Carmela Cancer Babe – 6 Rounds

Chemo demons and its friends – 1 Round

Yet another mostly uneventful, unremarkable and normal round:o)

It is a wonderful sunny morning, one of the few we have been getting this spring and early into summer.  I am into my “Dr. Banner” mode after my “Incredible Hulk” phase of my three week chemo cycle – that is, I feel various shades of shitty for about the first week after a chemo treatment, with some residual shittyness in the second week and then feel quite normal in the last week just before I get hit again.  Although this is not the most wonderful cycle to be in (see my previous post), I am generally pretty productive around the house, with my family and friends most of the time.  My brain might not always be there, but Ima still livi’n.  The great thing about this post is that I am heading into my last chemo treatment where this every three week roller coaster ride will be over!  Of course I will be entering into a bumper boat ride with upcoming events, but it can only get better after this stuff!

So until the next post:

Chemo demons and your friends you can kiss my arse AND eat my grits … AGAIN!

Onto round #8….

What planet am I on anyway …

What planet am I on anyway …

If you indulge me a bit of darkness, I promise to end with something positive.
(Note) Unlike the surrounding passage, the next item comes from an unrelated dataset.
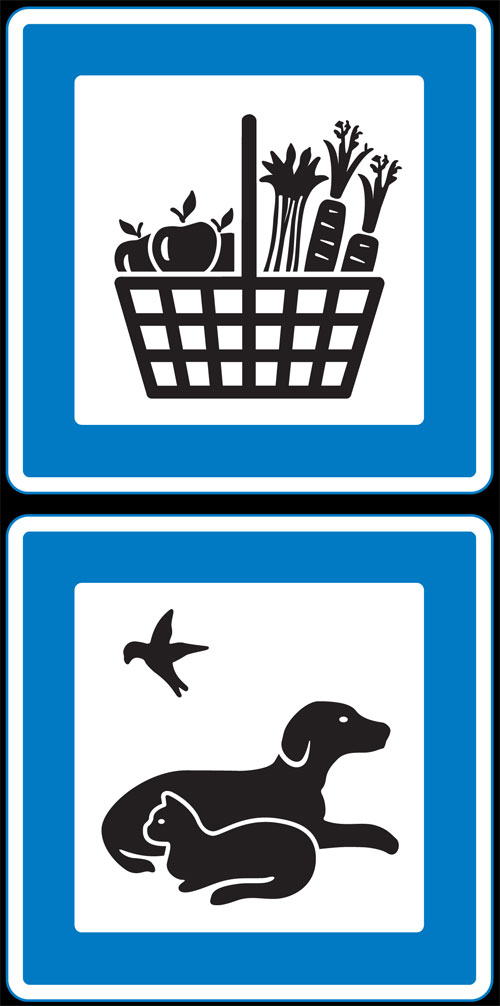 f&aelig;dselstavler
Ok, Ok, Ok, so it’s not all perfume and roses and I am not in a constant positive state – so shoot me, I’m human.  And while I might be human, I don’t always know what planet I am on these days.  On what planet can it be that both my Mom and I can both go from being pretty healthy human beings to having to succumb to a variety of pretty invasive procedures and drugs?  On what planet would I have to put my family and everyone around me through this shit?  I can wake up most days and feel lucky to have some the best care and support possible, but there are those few days (and really they are few) where this whole “joy ride” is absolutely surreal and insufferable.  I can be telling someone about my progress and how things are going, about how my Mom is doing but feel like I am speaking out of body – like who’s life am I describing anyway?

After all, was it not only a few months back that I had finally left behind and put behind me one of the most challenging periods of my career and personal life?  Was I not finally back at a good state of physical fitness and moving to even better places of mental and physical well being?  Was my career not back on track with renewed and positive support – the positive trajectory that I have been capable of a number of other times in my career? Was I not living my desire to give back to my female peers and starting down the path to giving back to my community?  Was I not getting my personal life and emotions back in order to a place where there was renewed joy, love and understanding?  Was I not getting better at being there for my boys, my family and my friends?

Fuck it, this is not the planet I was destined to be on.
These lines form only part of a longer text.